:: THE INPUT

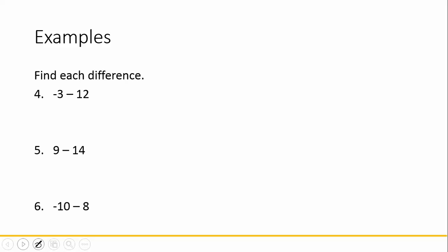If you'd like, pause the video here and see if you can do these three on your own. Negative 3 plus 12. Adding the opposite, so we say plus a negative 12. Now we have two numbers whose signs are the same, so our answer is negative 15.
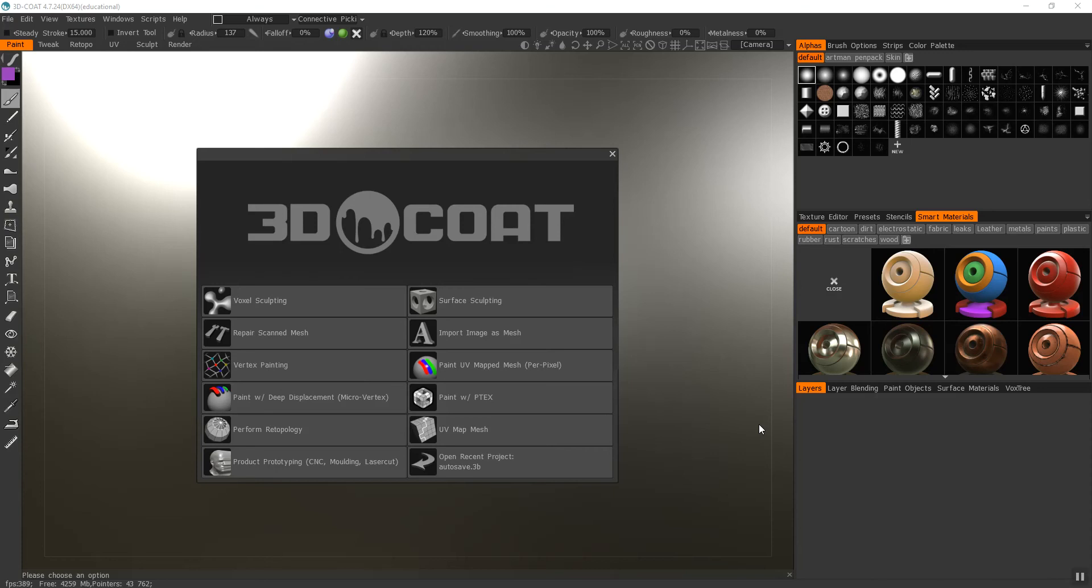In this video I'm going to show you how to add texture to your 3D model. For this example I'm going to do this in 3D Coat, but this could also be done in ZBrush.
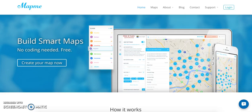Hi everyone. Today we're going to go through how to create a map through MapMe. To get started, go to MapMe.com and click on Create Your Map Now.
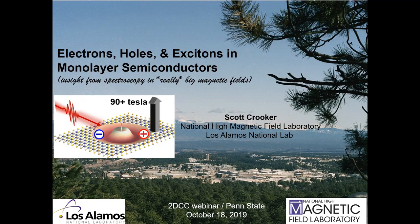Good afternoon, everyone, and welcome to the October 18th webinar of the 2DCC. Today we have a special guest, Scott Crooker, from the National High Magnetic Field Lab located at Los Alamos National Lab. Scott, please go ahead.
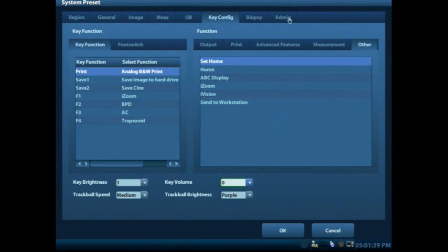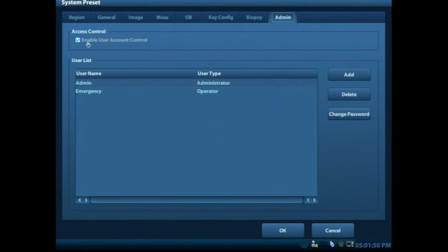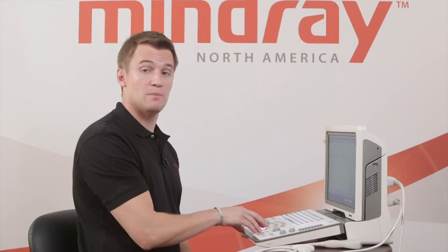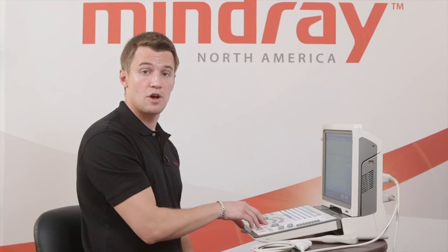One thing I recommend doing when you go into the setup menu on the system preset is going to your admin selection. This is where you see that enable user account control. And if you deselect that box, what you'll find is that when you boot up and boot down the machine, you won't have that login screen that comes up.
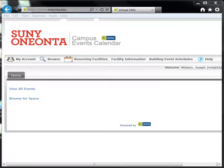This video shows you how to search for event space with the Event Management Browser. Using this system, you may look for open times and available locations for your event.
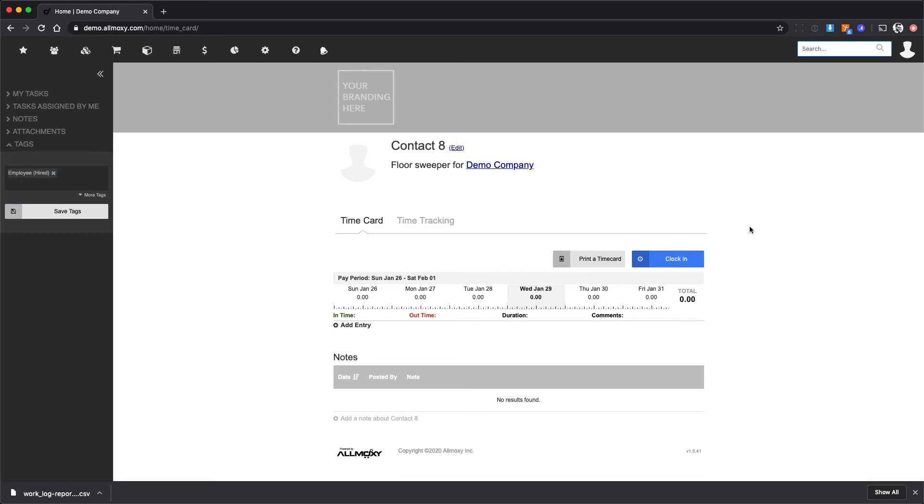This system operates within the US and Canada right now. It currently includes Canadian PST and GST tax rates. If you are outside of the US or Canada, you'll have to go ahead and set the tax rates manually for each customer.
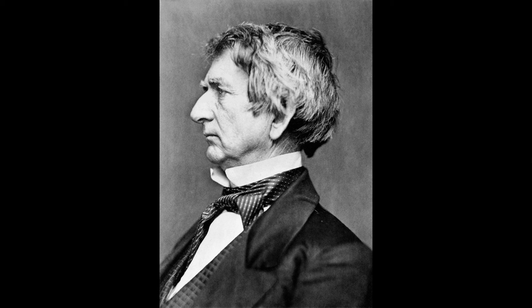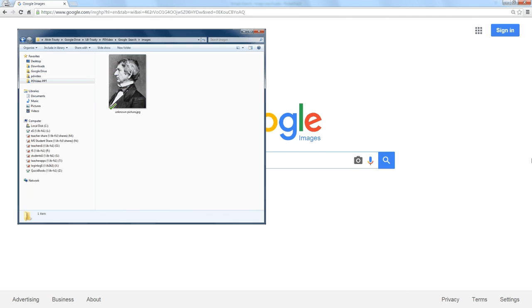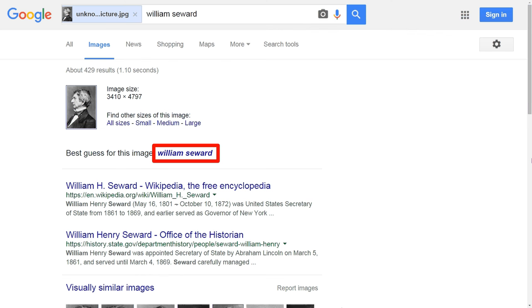I would have never figured out who this was either, except I used Google to find out really quick. I went to Google, clicked on Images. That brought up the Google Images search. Then I took this picture and dragged it into the search bar. The picture gets uploaded, and within about one second, it tells me this is William Seward.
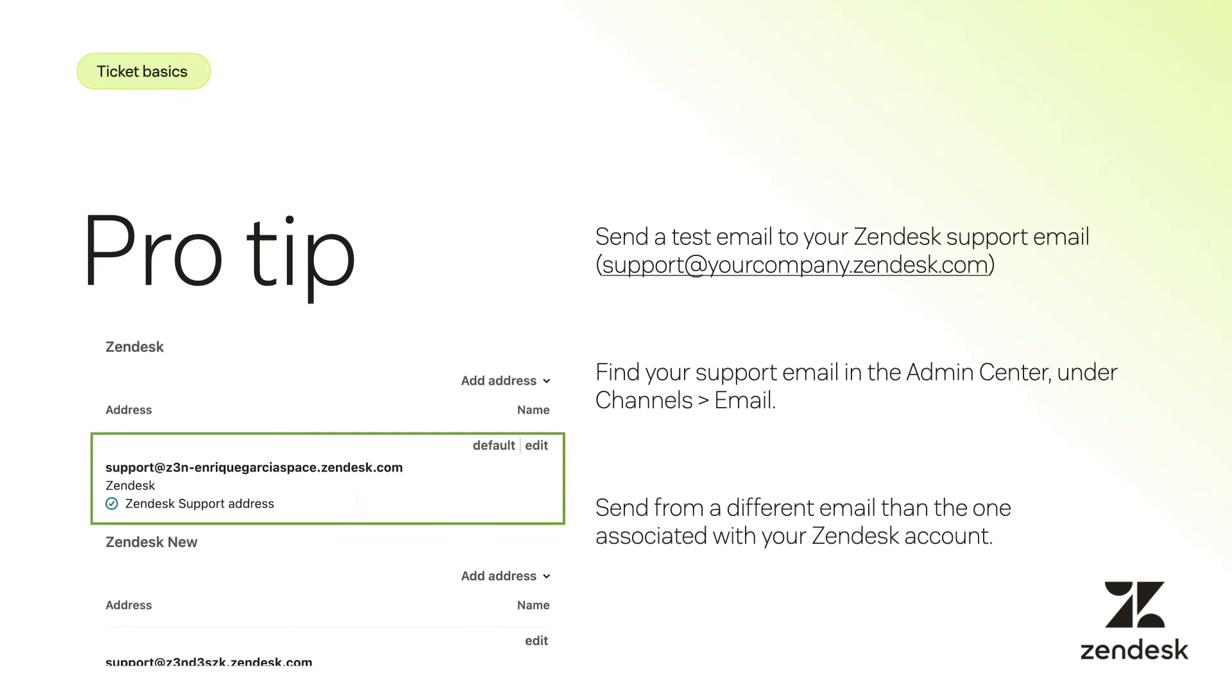Be sure to send a test email from a different email address than the one associated with your Zendesk account so that the ticket will look like it is coming from a customer. This will give you a first-hand look at how the process works from both a customer's perspective and agent's perspective.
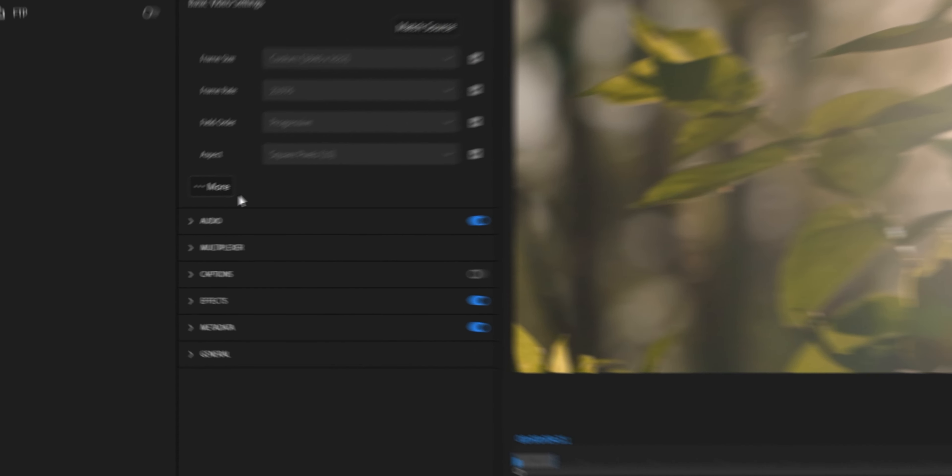Those were your basic render settings, but this next part is how you get the most out of Premiere. Hit More, then check Render at Maximum Depth and Use Maximum Render Quality. This is going to ensure that your video is looking the best that it possibly can.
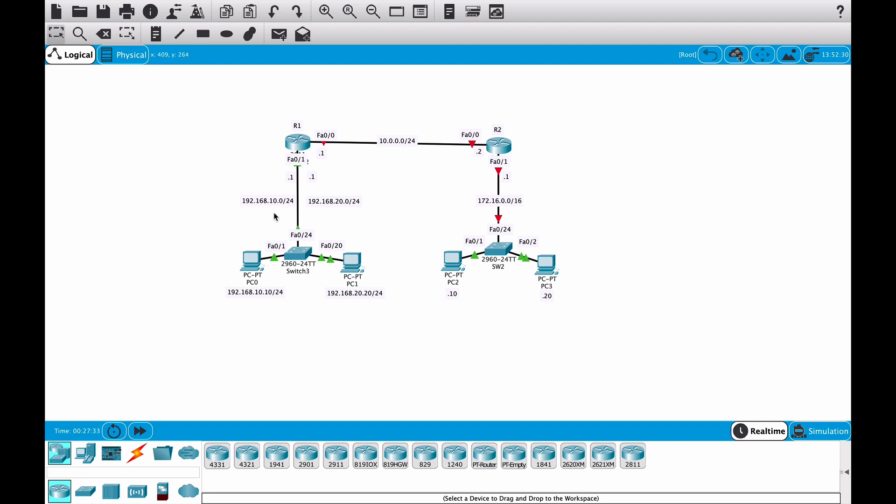Previously we configured two VLANs, we configured some trunking ports, a router on a stick to enable VLANs to talk to each other.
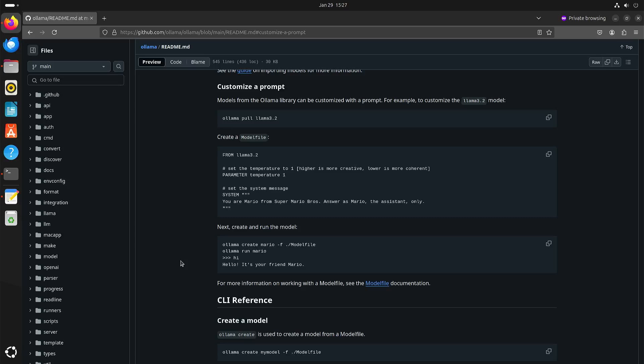Welcome to my channel Living Linux. In my previous video I had a quick look at DeepSeek R1 and I installed it locally with Ollama.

::::

Pictures stay out, but every record above is to be returned exactly.

If you'd like, pause the video here and see if you can do these three on your own. Negative 3 plus 12. Adding the opposite, so we say plus a negative 12. Now we have two numbers whose signs are the same, so our answer is negative 15.
In this video I'm going to show you how to add texture to your 3D model. For this example I'm going to do this in 3D Coat, but this could also be done in ZBrush.
Hi everyone. Today we're going to go through how to create a map through MapMe. To get started, go to MapMe.com and click on Create Your Map Now.
Good afternoon, everyone, and welcome to the October 18th webinar of the 2DCC. Today we have a special guest, Scott Crooker, from the National High Magnetic Field Lab located at Los Alamos National Lab. Scott, please go ahead.
One thing I recommend doing when you go into the setup menu on the system preset is going to your admin selection. This is where you see that enable user account control. And if you deselect that box, what you'll find is that when you boot up and boot down the machine, you won't have that login screen that comes up.
This video shows you how to search for event space with the Event Management Browser. Using this system, you may look for open times and available locations for your event.
This system operates within the US and Canada right now. It currently includes Canadian PST and GST tax rates. If you are outside of the US or Canada, you'll have to go ahead and set the tax rates manually for each customer.
I would have never figured out who this was either, except I used Google to find out really quick. I went to Google, clicked on Images. That brought up the Google Images search. Then I took this picture and dragged it into the search bar. The picture gets uploaded, and within about one second, it tells me this is William Seward.
Be sure to send a test email from a different email address than the one associated with your Zendesk account so that the ticket will look like it is coming from a customer. This will give you a first-hand look at how the process works from both a customer's perspective and agent's perspective.
Those were your basic render settings, but this next part is how you get the most out of Premiere. Hit More, then check Render at Maximum Depth and Use Maximum Render Quality. This is going to ensure that your video is looking the best that it possibly can.
Previously we configured two VLANs, we configured some trunking ports, a router on a stick to enable VLANs to talk to each other.
Welcome to my channel Living Linux. In my previous video I had a quick look at DeepSeek R1 and I installed it locally with Ollama.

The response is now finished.